A student welfare program that Somerville Road Elementary School Principal Dee Dee Jones says her school depends on is running out of money.

In January 2005, the school joined with Decatur's Parents and Children Together and the Mental Health Center of North Alabama to start a Family Assistance through Community Ties program.

The partnership is funding the program with a $45,000 grant from the National Children's Advocacy Center.

But Susan Roberts, parenting coordinator for PACT, told the Decatur Board of Education on Tuesday that this money disappears in May, and the center does not have more money to give the program.

PACT provides a part-time therapist and a part-time coordinator for the FACT program. It helps solve issues of poverty for students and their families that might affect a student's education.

With 91 percent of students qualifying for the federal free or reduced-price lunch program, Somerville Road has one of the highest poverty rates in the city.

Jones said she's seen FACT help parents schedule doctor visits for their children and get them there, find places to live, get a washer and dryer, find day care for young siblings, and solve many more emotional and financial issues. This work allows principals, teachers and students to focus on academics.

"They've really helped a lot of students in need," Jones said.

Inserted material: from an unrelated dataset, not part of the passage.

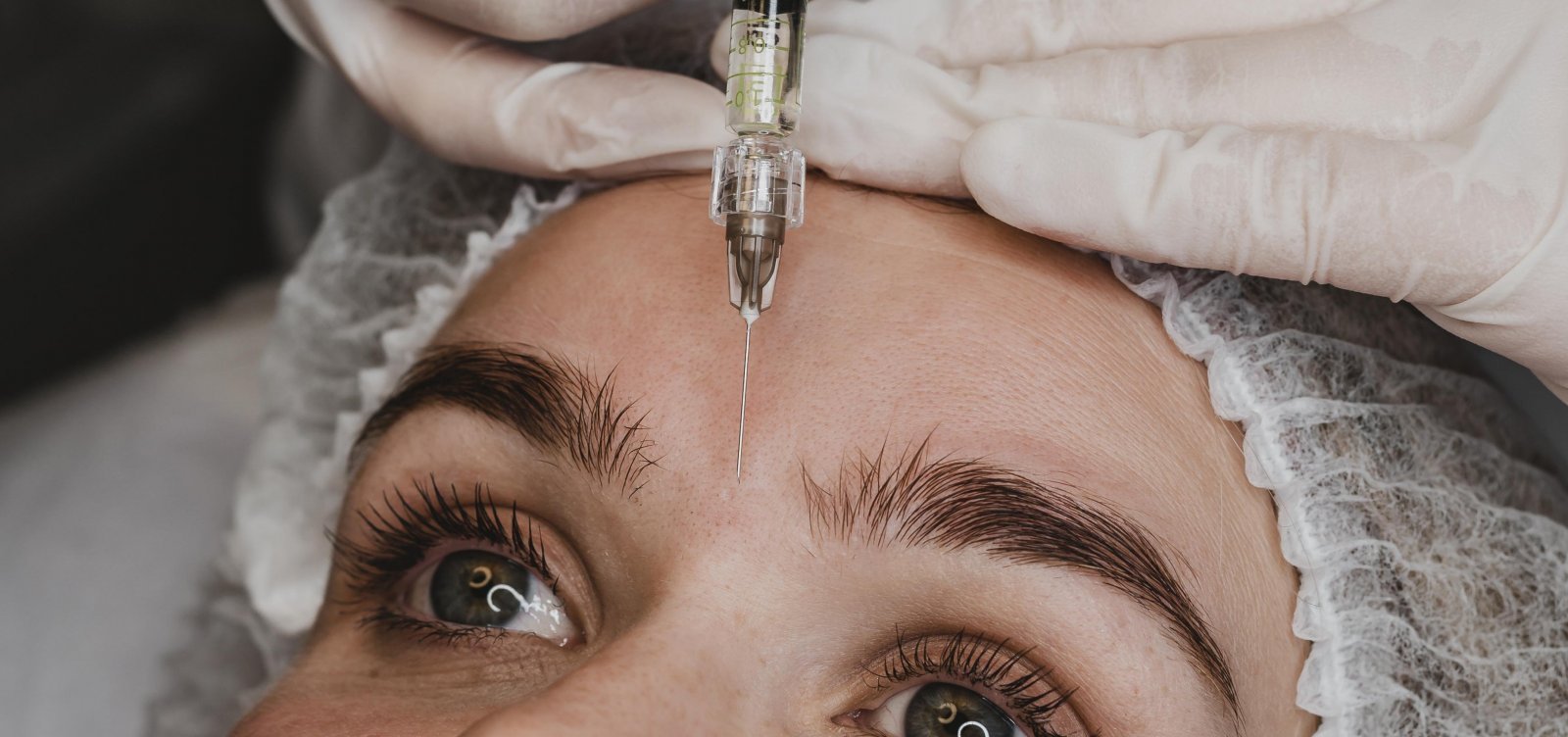Anvisa proíbe uso de lote falsificado de botox no Brasil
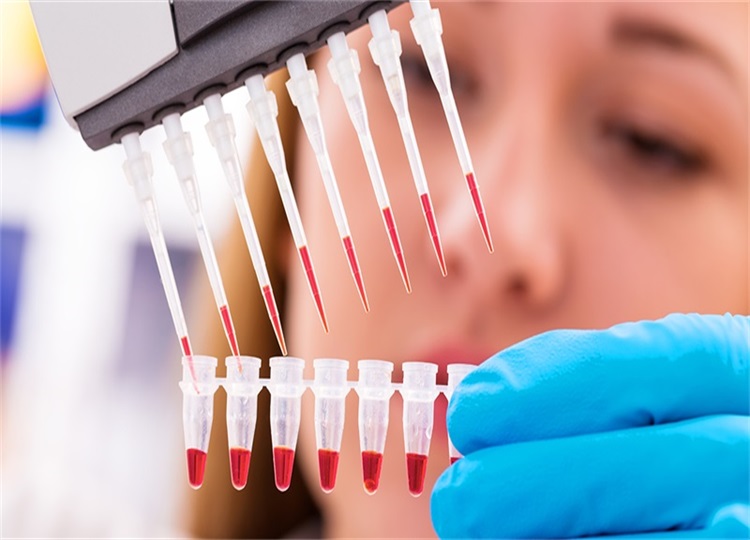 自体脂肪填充哪里好（自体填充用哪里脂肪比较好）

Decatur funds FACT programs at West Decatur and Austinville elementaries with state At-Risk funds. Roberts said the program has helped 229 families so far, providing 549 services.

Superintendent Sam Houston said he would like to expand FACT to other schools, but funding continues to be an issue for all three. He said PACT and the school system would continue looking for other federal or state grants. If unsuccessful, he would then seek help from the community.

"Our community has always responded very favorably when they see that our children are in need," Houston said. "I hope they see the value in this program that's become a model for children's advocacy groups."